I don’t want installers!

This has been brought to my attention on the Cocoa dev list lately. Apple says…

The installation package based mechanism is the preferred method for delivering products in Mac OS X. This model is a change for experienced Mac OS X developers and packagers. Before Mac OS X v10.5 (Leopard), the preferred software delivery mechanism was the manual install, where users drag the product from its container, a disk image, onto their file system. However, managed installs (which are steered by the Installer application after the user opens an installation package) on Leopard clients make possible advanced installation-management features, such as better package management through the Installer package database, downloadable packages, and certificate-based signing. Leopard leverages these features to provide users an improved install experience.
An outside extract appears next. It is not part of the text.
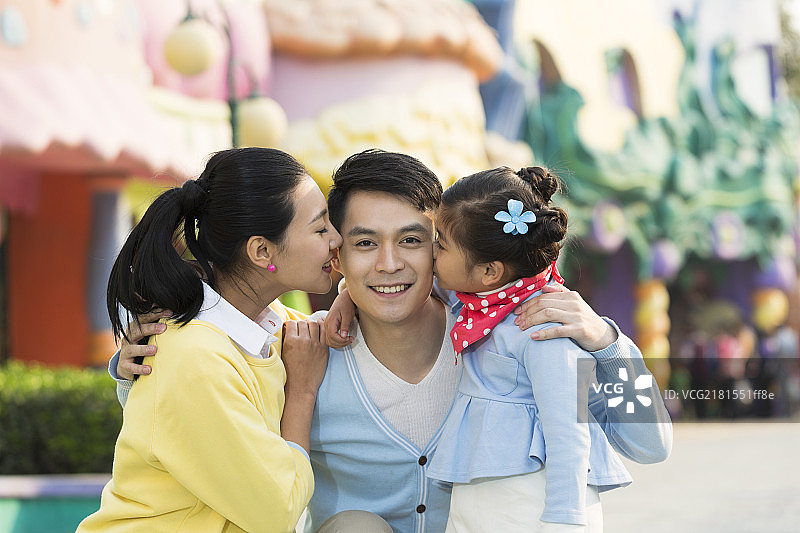 快乐的一家三口去游乐园玩图片素材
IMO that’s a terrible terrible move. I personally loved the simplicity and beauty of dragging a new application into the applications folder. Drag and Done! I was so happy to get away from this installer madness from Windows. Granted – upgrading apps was a pain until AppFresh appeared on the scene. But now installers are coming back to hunt us down on OSX? What about uninstalls? IMO they should have integrated AppZapper / AppDelete into the OS instead. Or go with a proper package management systems we know from Linux distributions so well. “apt-get dist-upgrade” *sigh*

Oh, well! Using unpkg might come handy more and more often then.